I’ve never placed a litter box outside for our feral cats to use. In the early years, they wouldn’t hang around long enough to use one. After a couple of months of being with us, they learned to go to the pine straw areas located under my neighbor’s Leland cypress trees to do their business. This worked out great for me. No cleaning necessary!

Two years ago our neighbors moved and leased their house. The new neighbors are nice people, mostly quiet, and they tolerate the cats walking through their yard to get to the open fields in the back. However, they really don’t spend much time outside. They’re definitely not into planting flowers in the large planters outside that the original neighbors left behind. They apparently got tired of seeing the big empty pots along their driveway and placed them on the side of the house to get them out of the way. This side of the house is along the path the cats walk in order to get to the back fields. In the cats’ mind, the big empty planting pots are placed just right for their new use — as makeshift litter boxes.

The cats usually follow the same routine daily:

  1. They visit our house and sit or lie in the driveway until I acknowledge them and promptly provide them with food and water.
  2. After the feast, they cross the corral fence, walk under the neighbor’s trees, locate their favorite planter, hop in to release some pressure, and then jump out for some self-grooming.
  3. They’re off to the fields for a day of hunting and lounging.

This process works for me, and it is quite the spectacle to see on a daily basis.

Unlike our neighbors, my wife, Kim, loves to fill our outdoor planters. They are located on the back screened porch, back lower porch, and on our wrap-around front porch. Some contain perennial plants, which are hardy and usually able to stay outside on the porch year round. The more tropical plants are moved inside the garage for the winter. Most of them survive, even though the garage door is always left partially open for the cats to gain access to their warm beds. The cats don’t pay much attention to these larger tropical plants. The plants do, however, provide a great hiding place for our opossum friends who sometimes venture in for a quick meal with the cats.

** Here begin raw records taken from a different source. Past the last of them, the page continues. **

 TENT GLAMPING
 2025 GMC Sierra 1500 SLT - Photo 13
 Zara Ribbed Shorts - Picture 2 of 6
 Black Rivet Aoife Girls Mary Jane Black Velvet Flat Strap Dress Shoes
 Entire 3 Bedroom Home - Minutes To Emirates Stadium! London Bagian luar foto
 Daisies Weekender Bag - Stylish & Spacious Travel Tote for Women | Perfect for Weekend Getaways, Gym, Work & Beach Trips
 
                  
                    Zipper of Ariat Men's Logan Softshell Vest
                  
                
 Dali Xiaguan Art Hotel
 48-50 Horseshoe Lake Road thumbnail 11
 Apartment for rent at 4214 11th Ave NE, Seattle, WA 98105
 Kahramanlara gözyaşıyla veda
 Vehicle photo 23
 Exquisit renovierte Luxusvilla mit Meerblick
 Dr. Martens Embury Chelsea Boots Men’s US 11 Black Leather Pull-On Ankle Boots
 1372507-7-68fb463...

There are a few plant pots on the front porch that host annual plants. These stay vibrant and bloom throughout the warm spring and hot summer months. However, when autumn arrives, they are long gone, never to be seen again. This is when the cats usually take advantage of the partially empty pots, full of now dead plants. I usually don’t protest too much, because the plants are already dead. I simply wait until spring to take the dirt, dead plants, and kitty droppings to the woods out back to decompose. We then clean the planters and replace the dirt, and we’re ready to start the growing season all over again.

At least the plants in the pots are pretty and add color around our home when they’re blooming. They also provide a nice "pit stop" for our kitty friends when the plants have died off. I guess it’s good for everyone … as long as the cats don’t try to jump in the pots when the plants are in full bloom!